LISTED RECORDS Block Start

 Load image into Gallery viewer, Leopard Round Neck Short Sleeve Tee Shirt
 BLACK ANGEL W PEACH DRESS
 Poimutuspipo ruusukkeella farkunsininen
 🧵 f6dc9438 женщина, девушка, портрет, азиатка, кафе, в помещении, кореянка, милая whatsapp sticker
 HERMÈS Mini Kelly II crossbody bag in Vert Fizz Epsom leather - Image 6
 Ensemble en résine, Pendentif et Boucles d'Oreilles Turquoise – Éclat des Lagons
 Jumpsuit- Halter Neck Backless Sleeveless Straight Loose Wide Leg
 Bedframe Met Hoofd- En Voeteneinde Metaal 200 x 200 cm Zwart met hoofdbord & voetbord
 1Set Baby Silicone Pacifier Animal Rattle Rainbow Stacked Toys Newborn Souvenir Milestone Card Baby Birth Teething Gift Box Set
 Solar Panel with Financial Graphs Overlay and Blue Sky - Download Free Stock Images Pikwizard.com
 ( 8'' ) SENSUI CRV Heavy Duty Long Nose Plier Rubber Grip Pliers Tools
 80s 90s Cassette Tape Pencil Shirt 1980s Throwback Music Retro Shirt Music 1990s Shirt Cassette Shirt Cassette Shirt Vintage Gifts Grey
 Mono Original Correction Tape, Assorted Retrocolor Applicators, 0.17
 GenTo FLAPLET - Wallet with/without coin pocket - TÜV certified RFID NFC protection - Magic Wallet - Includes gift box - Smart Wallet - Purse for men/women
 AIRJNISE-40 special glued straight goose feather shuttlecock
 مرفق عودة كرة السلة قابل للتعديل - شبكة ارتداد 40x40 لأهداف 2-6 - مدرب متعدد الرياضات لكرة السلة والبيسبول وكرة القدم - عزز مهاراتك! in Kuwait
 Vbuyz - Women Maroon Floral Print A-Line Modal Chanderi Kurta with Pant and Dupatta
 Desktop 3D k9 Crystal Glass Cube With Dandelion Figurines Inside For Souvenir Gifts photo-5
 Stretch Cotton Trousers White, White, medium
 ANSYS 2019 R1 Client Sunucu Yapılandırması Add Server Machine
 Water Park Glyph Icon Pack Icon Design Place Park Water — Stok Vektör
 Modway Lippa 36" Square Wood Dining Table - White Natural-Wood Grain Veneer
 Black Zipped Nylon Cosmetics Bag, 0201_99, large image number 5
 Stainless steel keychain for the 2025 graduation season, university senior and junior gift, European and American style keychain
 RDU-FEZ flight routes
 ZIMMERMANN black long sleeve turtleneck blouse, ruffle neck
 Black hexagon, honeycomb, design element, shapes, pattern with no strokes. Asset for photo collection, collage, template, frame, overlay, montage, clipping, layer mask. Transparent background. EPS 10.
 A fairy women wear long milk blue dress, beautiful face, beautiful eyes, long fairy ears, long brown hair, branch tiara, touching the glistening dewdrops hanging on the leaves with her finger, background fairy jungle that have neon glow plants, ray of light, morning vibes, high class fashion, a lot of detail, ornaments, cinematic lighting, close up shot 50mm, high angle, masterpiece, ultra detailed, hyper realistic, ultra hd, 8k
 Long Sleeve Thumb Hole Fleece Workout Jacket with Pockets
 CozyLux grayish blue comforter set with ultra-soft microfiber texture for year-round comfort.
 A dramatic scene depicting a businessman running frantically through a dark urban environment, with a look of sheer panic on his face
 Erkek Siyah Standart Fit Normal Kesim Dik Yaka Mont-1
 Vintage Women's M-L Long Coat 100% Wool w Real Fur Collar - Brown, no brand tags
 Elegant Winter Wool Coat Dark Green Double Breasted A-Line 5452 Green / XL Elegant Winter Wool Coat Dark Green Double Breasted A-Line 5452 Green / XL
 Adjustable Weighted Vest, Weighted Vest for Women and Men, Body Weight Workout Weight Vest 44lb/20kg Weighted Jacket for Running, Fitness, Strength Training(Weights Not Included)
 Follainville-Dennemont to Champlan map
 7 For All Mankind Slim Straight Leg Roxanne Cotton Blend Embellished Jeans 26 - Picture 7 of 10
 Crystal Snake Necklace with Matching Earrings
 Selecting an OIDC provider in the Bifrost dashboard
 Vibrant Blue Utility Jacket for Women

LISTED RECORDS Block End

Retype every line up to and including the one that contains "Bedframe Met Hoofd- En", beginning at the first line of the records, with no edits.

 Load image into Gallery viewer, Leopard Round Neck Short Sleeve Tee Shirt
 BLACK ANGEL W PEACH DRESS
 Poimutuspipo ruusukkeella farkunsininen
 🧵 f6dc9438 женщина, девушка, портрет, азиатка, кафе, в помещении, кореянка, милая whatsapp sticker
 HERMÈS Mini Kelly II crossbody bag in Vert Fizz Epsom leather - Image 6
 Ensemble en résine, Pendentif et Boucles d'Oreilles Turquoise – Éclat des Lagons
 Jumpsuit- Halter Neck Backless Sleeveless Straight Loose Wide Leg
 Bedframe Met Hoofd- En Voeteneinde Metaal 200 x 200 cm Zwart met hoofdbord & voetbord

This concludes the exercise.